Hi,
I believe TimBL has suggested this previously with a 208, however both
207 and 208 are already assigned or mentioned in various DAV
communities, thus 209 or higher would have to be used I believe.
Personally, I like the idea a lot, and the usefulness for IoT is great
too - any convergence between the semantic web and IoT, especially at
HTTP and descriptor level, would be great.
Best,
Nathan
Kjetil Kjernsmo wrote:
Hi all!
I hope it is OK that I just burst in here without having followed the
discussion. Admittedly, I haven't been terribly interested, I've always
enjoyed the 303 dance, I wrote the code and it was easy, and the IR/NIR
distinction has always served me well. However, I also see that it is a bit
painful to have to do follow a redirect, both for end users and for code, and
the bit about cachability, CORS problems, etc makes it clear there is room for
improvement.
So, how about a new HTTP response code, e.g. 207 Description Follows? I.e., it
is like 200 OK, but makes it clear that what you're dereferencing is not an
IR. Instead, you're getting a description of the thing.

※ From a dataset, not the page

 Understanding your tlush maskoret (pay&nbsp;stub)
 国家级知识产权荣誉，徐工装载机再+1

This would have implications well beyond our community, GETting the URI of a
device in the Internet of Things would also reasonably return a 207. Without
having thought too deeply about this, I suggest this means it satisfies the
orthogonality of specifications constraint.

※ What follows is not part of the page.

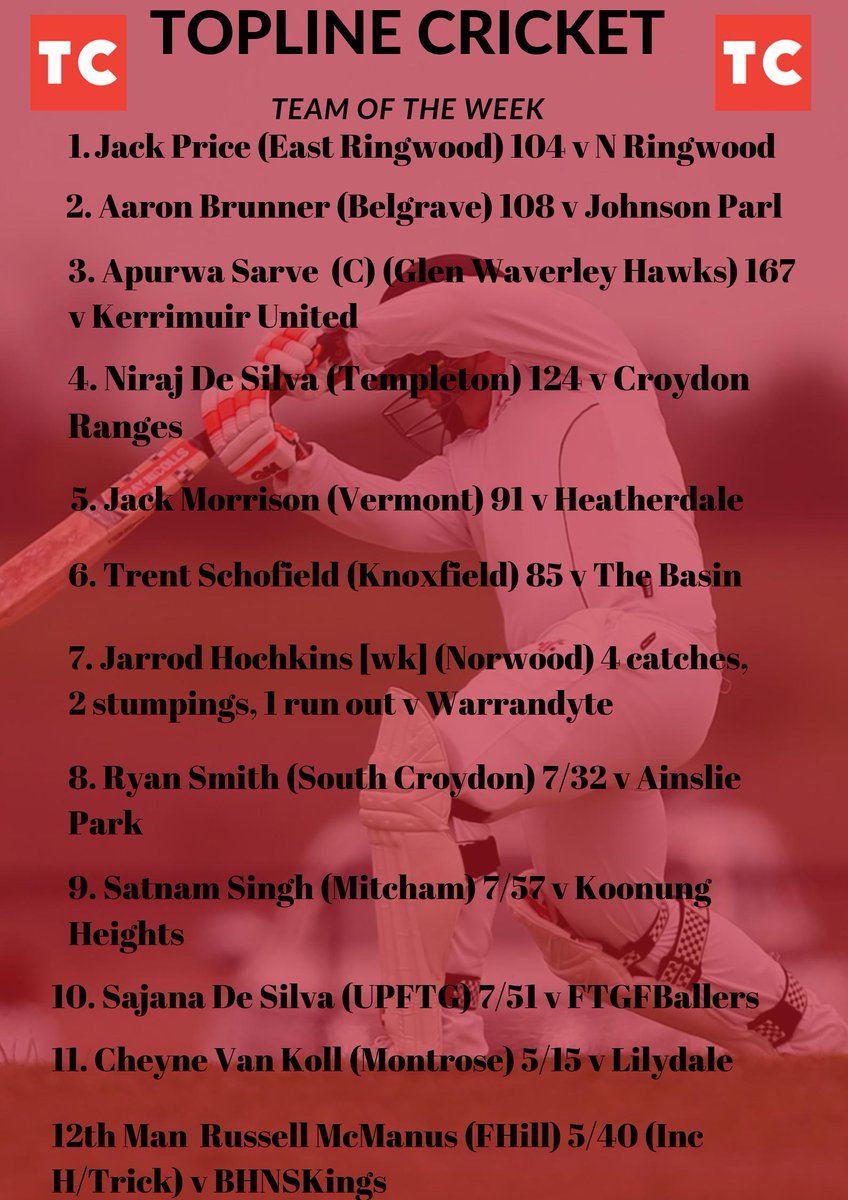 It's the Topline Cricket Team of the Week!
See who made the cut here ⬇️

I just quickly hacked a server to test how browsers would react to a 207 code,
and all browser I have did it gracefully. I therefore conjecture that clients
needing to know the IR/NIR distinction will be able to figure it out by looking
at the status code only, those that need not, would not need to be bothered.
Deployment costs should thus be very low. We're also working to get our code
into Debian (older versions are already in Ubuntu), so if we have this settled
before Debian Wheezy freezes in June, it would be available in mainstream
hosting solutions late this year. I think that's a key, because many users
control very little of their server setup, and custom code is "dangerous", but
with the support of Debian the costs for hosters are marginal.